» **Problem requirements**
What are the lines, word for word, from the line with "HIWX Christian Wall" up to and including the line with "Creative Cute Panda" in the records below? Omit the pictures.

[Opening Exercise data section]

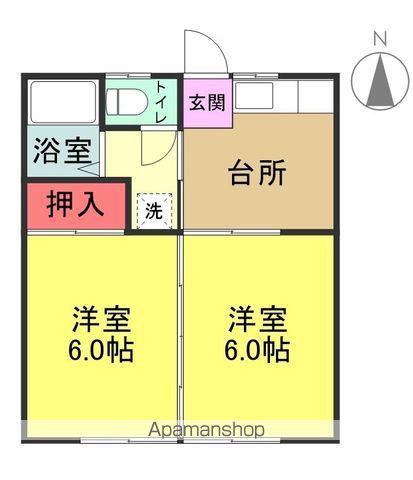 ロイヤルハイツ(2K/1階)の間取り写真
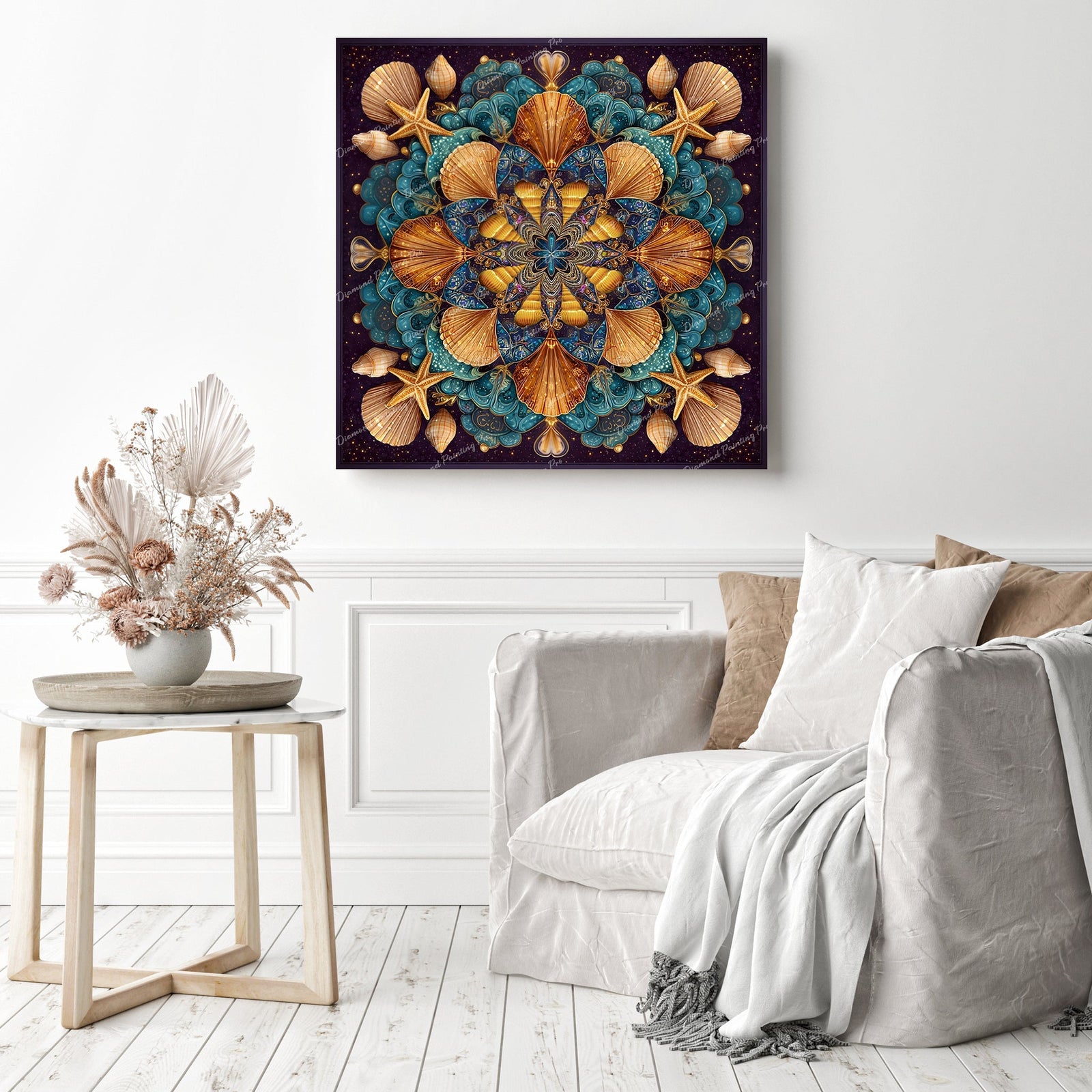 Seashell Mandala Diamond Painting as Home Decor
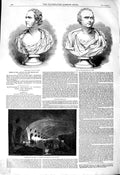 Original Old Antique Print 1850 Bust Alison Macaulay Park Adelphi Dry Arches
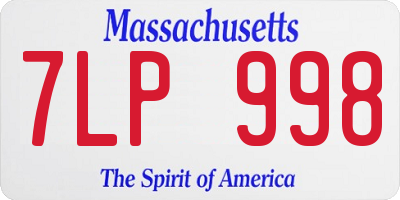 MA license plate 7LP998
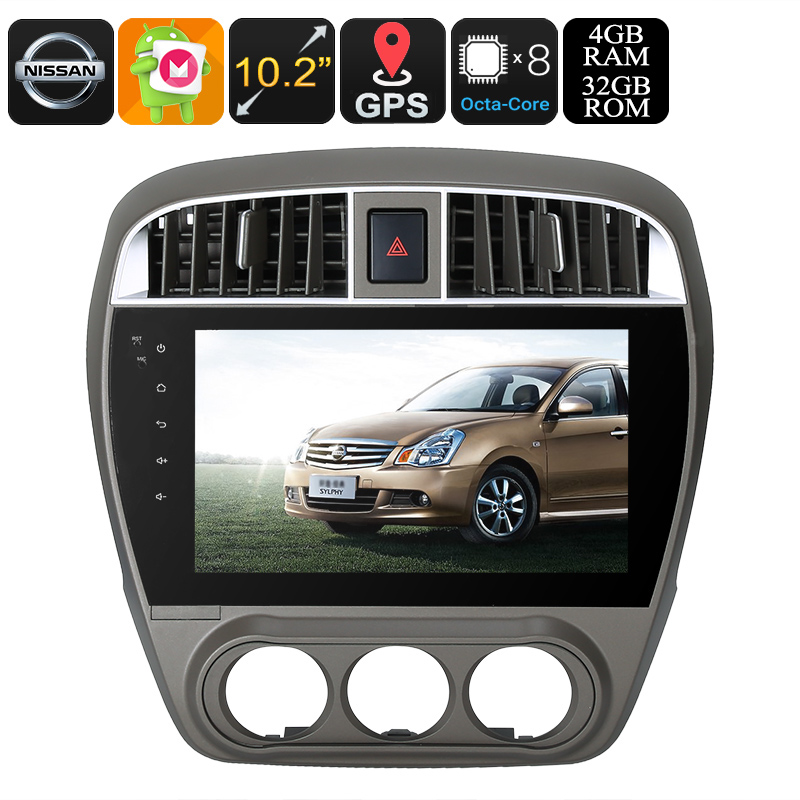 One DIN Android Media Player - Android 9.0.1, 10.2 Inch, For Nissan Cars, WiFi, CAN BUS, Octa-Core, 4GB RAM, GPS, HD Display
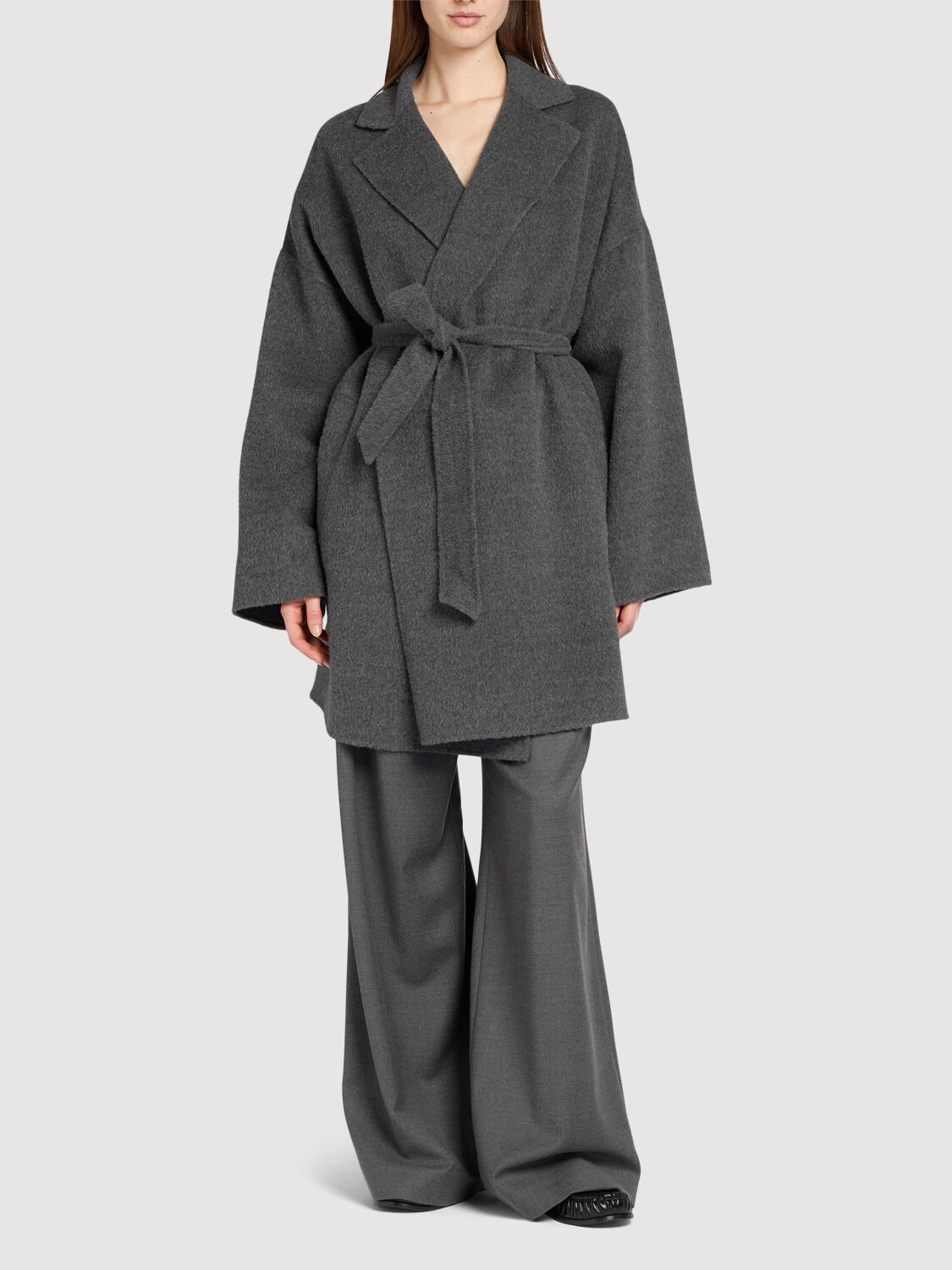 Shop Weekend Max Mara Nella Belted Wool & Alpaca Coat In Grey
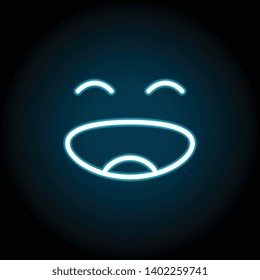 grinning, face, with, smiling, eyes neon icon. Simple thin line, outline vector of Emotion icons for UI and UX, website or mobile application on dark blue gradient background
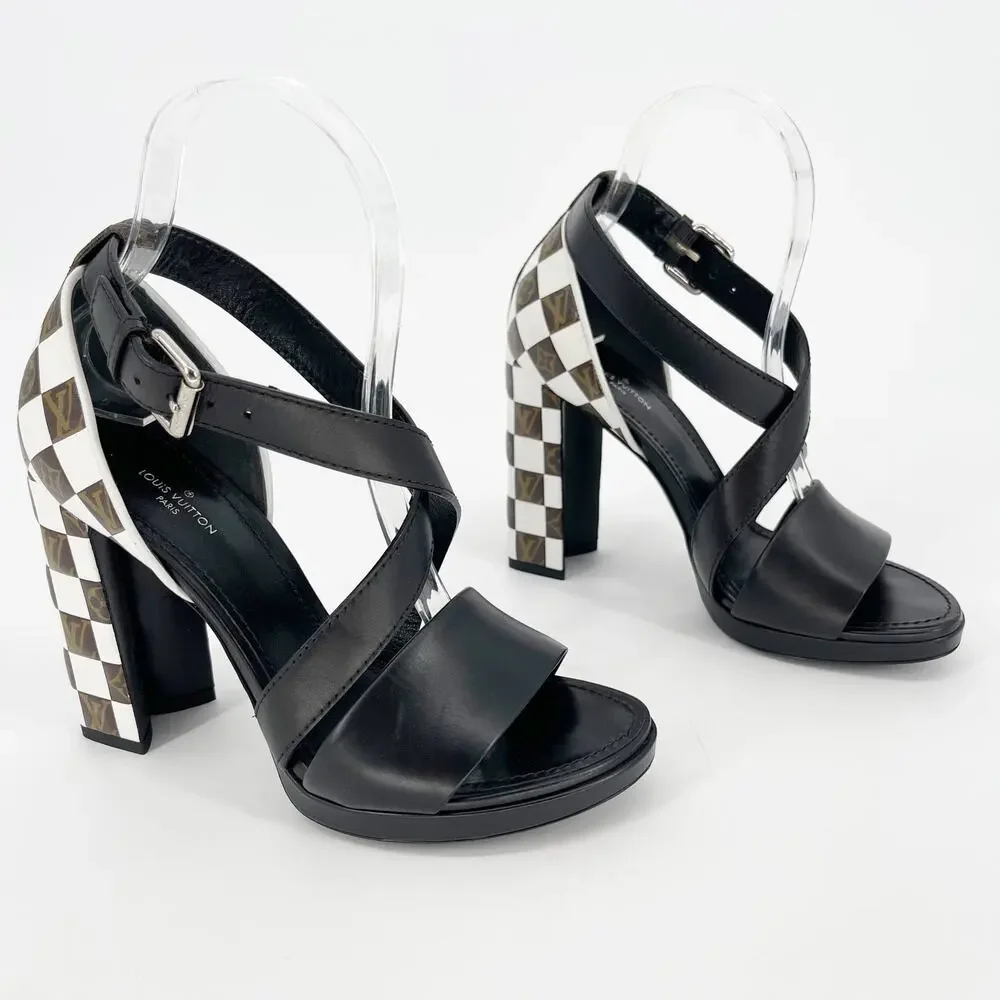 Louis Vuitton Black Monogram Damier Tressage Matchmake Check Heel Sandals EU 37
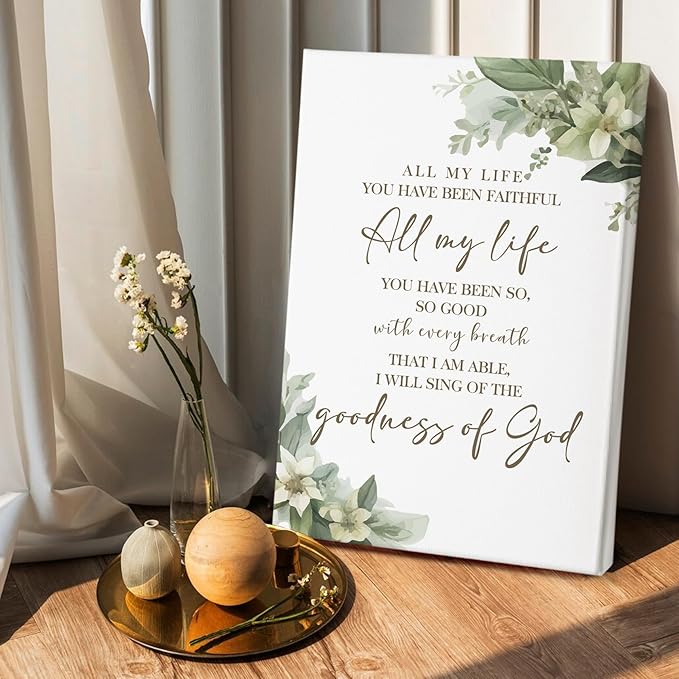HIWX Christian Wall Decor, All My Life You Have Been Faithful Bible Verse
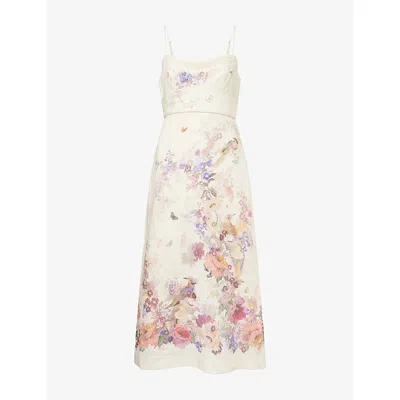 Zimmermann Womens Cream Multi Floral Alchemy Floral-print Linen Midi Dress In Multi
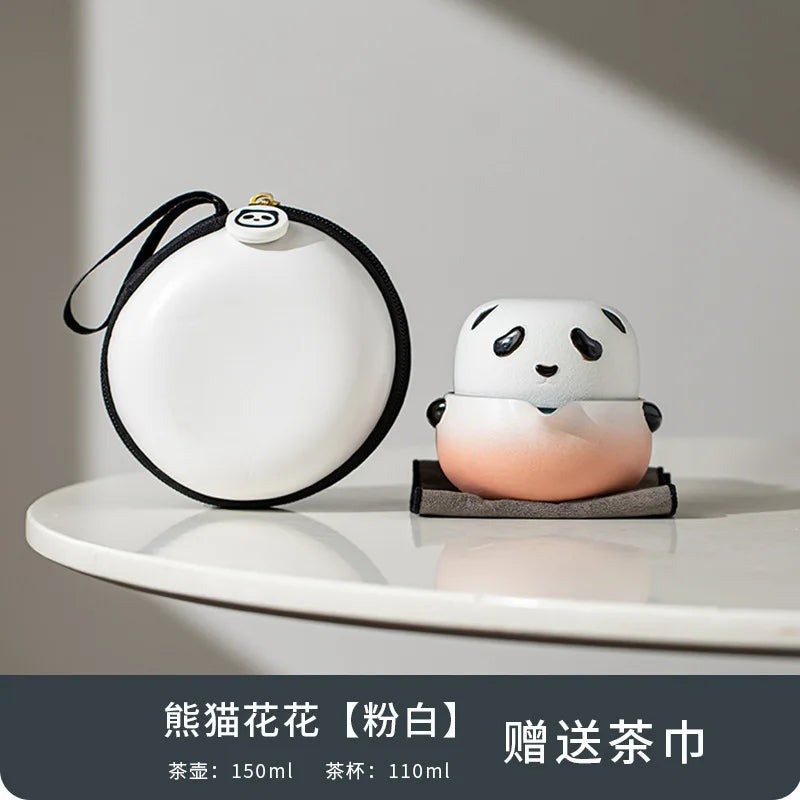Creative Cute Panda Teaware Outdoor Camping Portable Travel Kung Fu Tea Brewing Tea Tools Single Tea Cup Teapot Sets Gifts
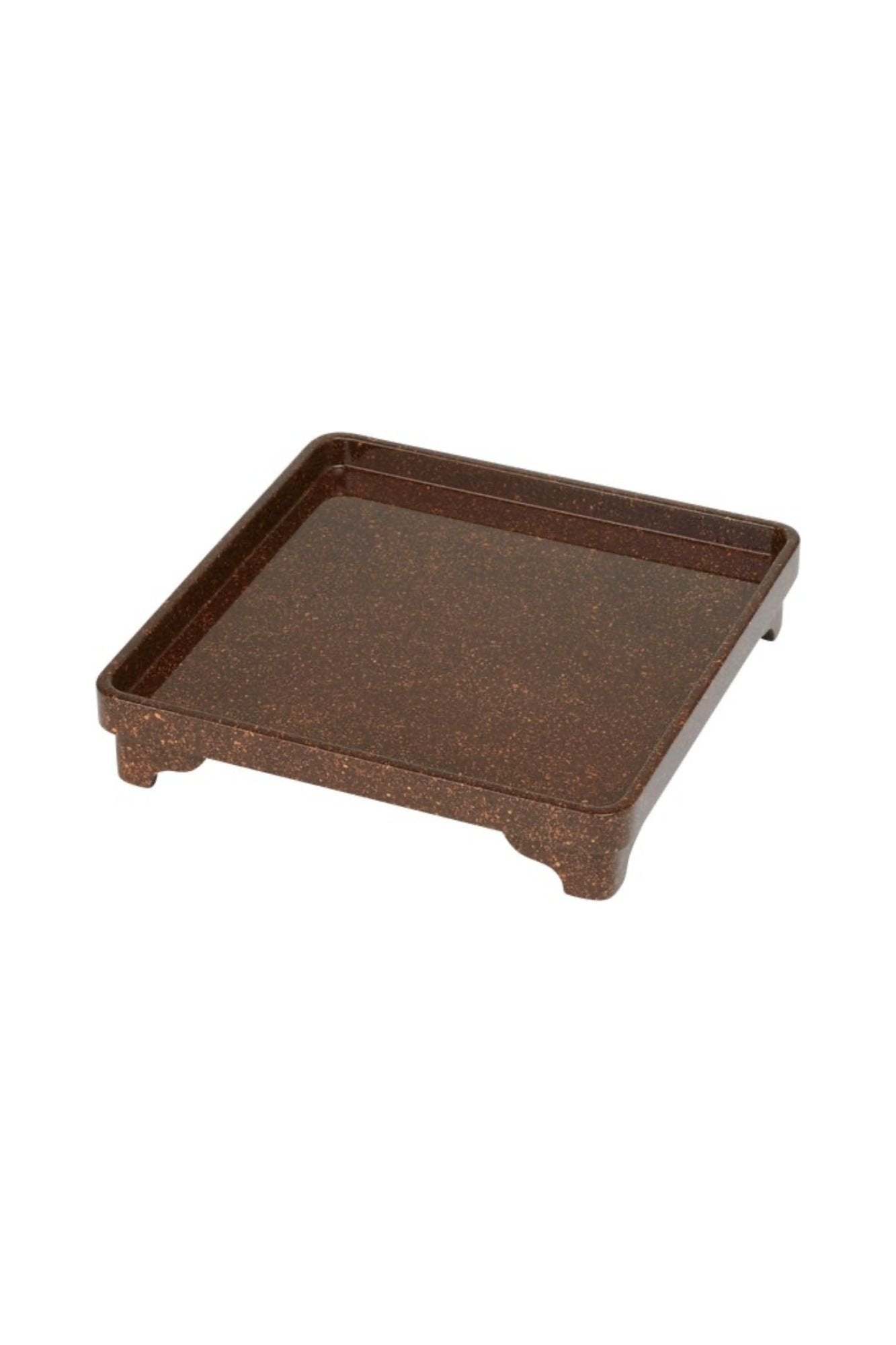 Photograph of a square brown riser tray against a white background.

[Closing Exercise data section]

» **Answer**
HIWX Christian Wall Decor, All My Life You Have Been Faithful Bible Verse
 Zimmermann Womens Cream Multi Floral Alchemy Floral-print Linen Midi Dress In Multi
Creative Cute Panda Teaware Outdoor Camping Portable Travel Kung Fu Tea Brewing Tea Tools Single Tea Cup Teapot Sets Gifts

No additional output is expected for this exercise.